Pioneer Natural Resources Company announced that Pioneer Southwest Energy Partners L.P. has commenced an initial public offering of 8,250,000 common units representing limited partner interests pursuant to a registration statement on Form S-1 previously filed with the Securities and Exchange Commission. The underwriters will be granted a 30-day option to purchase up to an additional 1,237,500 common units to cover over-allotments. The Pioneer Southwest Energy common units will be listed on the New York Stock Exchange and traded under the symbol "PSE."
The common units offered to the public will represent approximately 28.7% of the limited partner interest of Pioneer Southwest Energy, or approximately 31.6% if the underwriters exercise their over-allotment option in full. Pioneer will own a 0.1% general partner interest and a 71.3% limited partner interest in Pioneer Southwest Energy. Pioneer's limited partner interest would be reduced to 68.4% if the underwriters exercise their over-allotment option in full.
Pioneer Southwest Energy is a Delaware limited partnership formed by Pioneer to own producing oil and gas properties in the Spraberry field in the Permian Basin of West Texas and to acquire oil and gas assets in its area of operations.

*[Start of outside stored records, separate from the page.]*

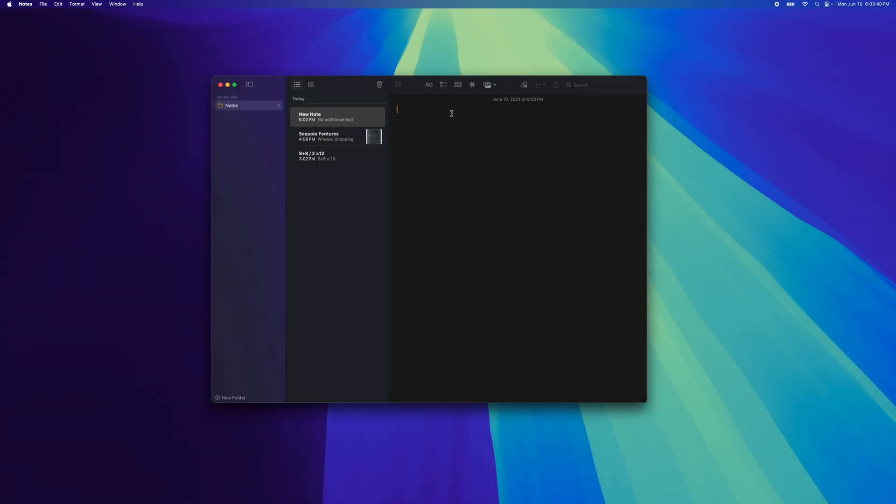In macOS Sequoia, there is a new feature in the Notes app that can do math for you. It's called Math Notes.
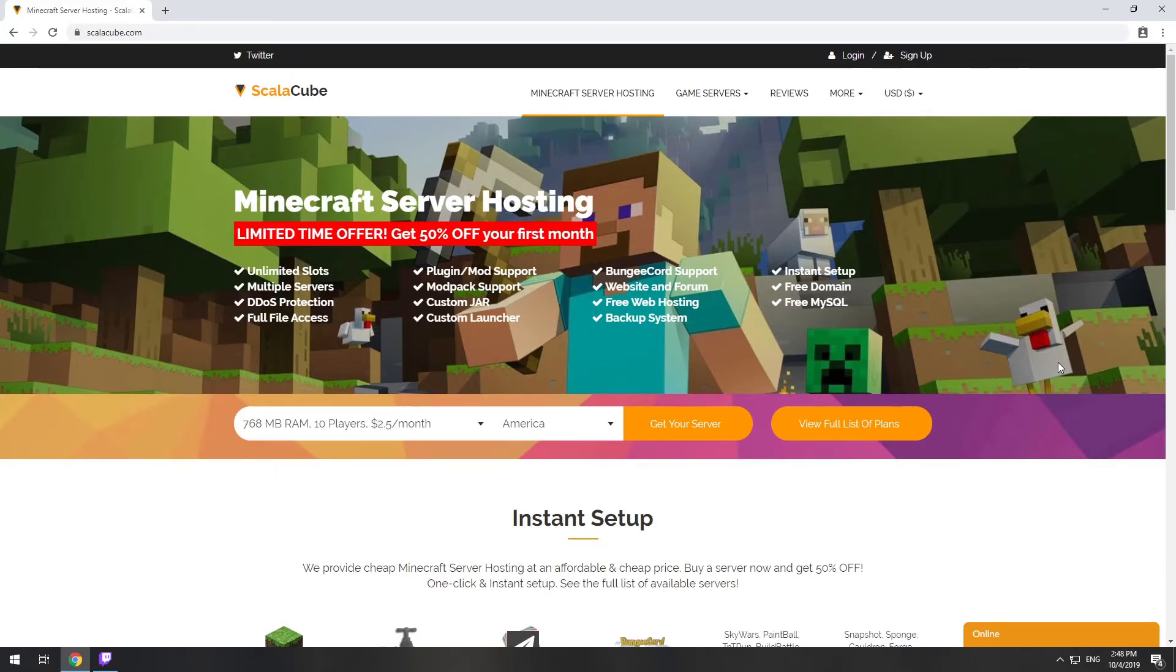Hello! Today I will show you how to make your own Minecraft server on ScalaCube.com. Go to the ScalaCube.com main page and click Get your server.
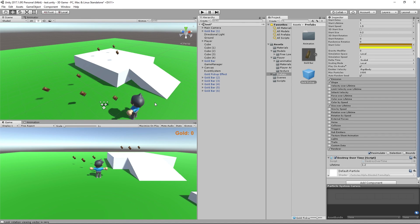Hey everybody, this is Games Plus James and welcome back to our Unity 3D Platformer tutorial series. Now we've got our pickup system going in the game, so let's add some more systems. We're going to look at how to add a way for our player to have health and to be damaged by other objects. The first thing we're going to do is create the health system that will control everything.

This area includes onshore Texas and eight counties in the southeast region of New Mexico.
Citigroup Global Markets Inc., Deutsche Bank Securities Inc. and UBS Securities LLC will act as joint book-running managers for the offering.
This offering of common units will be made only by means of a prospectus. A copy of the prospectus may be obtained by submitting requests to Citigroup Global Markets Inc., Attention: Prospectus Department, Brooklyn Army Terminal, 140 58th Street, 8th Floor, Brooklyn, New York 11220, phone: 718-765-6732, fax: 718-765-6734; Deutsche Bank Securities Inc., Attn: Prospectus Department, 100 Plaza One, 2nd Floor, Jersey City, NJ, 07311, or by telephone at (800) 503-4611, or by email at firstname.lastname@example.org; or UBS Securities LLC, Attention: Prospectus Department, 299 Park Avenue, New York, New York 10171, phone: 212-821-3000.
A registration statement relating to these securities has been filed with the Securities and Exchange Commission but has not yet become effective. These securities may not be sold, nor may offers to buy be accepted, prior to the time the registration statement becomes effective. This communication does not constitute an offer to sell or the solicitation of an offer to buy nor shall there be any sale of these securities in any state in which such offer, solicitation or sale would be unlawful prior to registration or qualification under the securities laws of any such state or jurisdiction.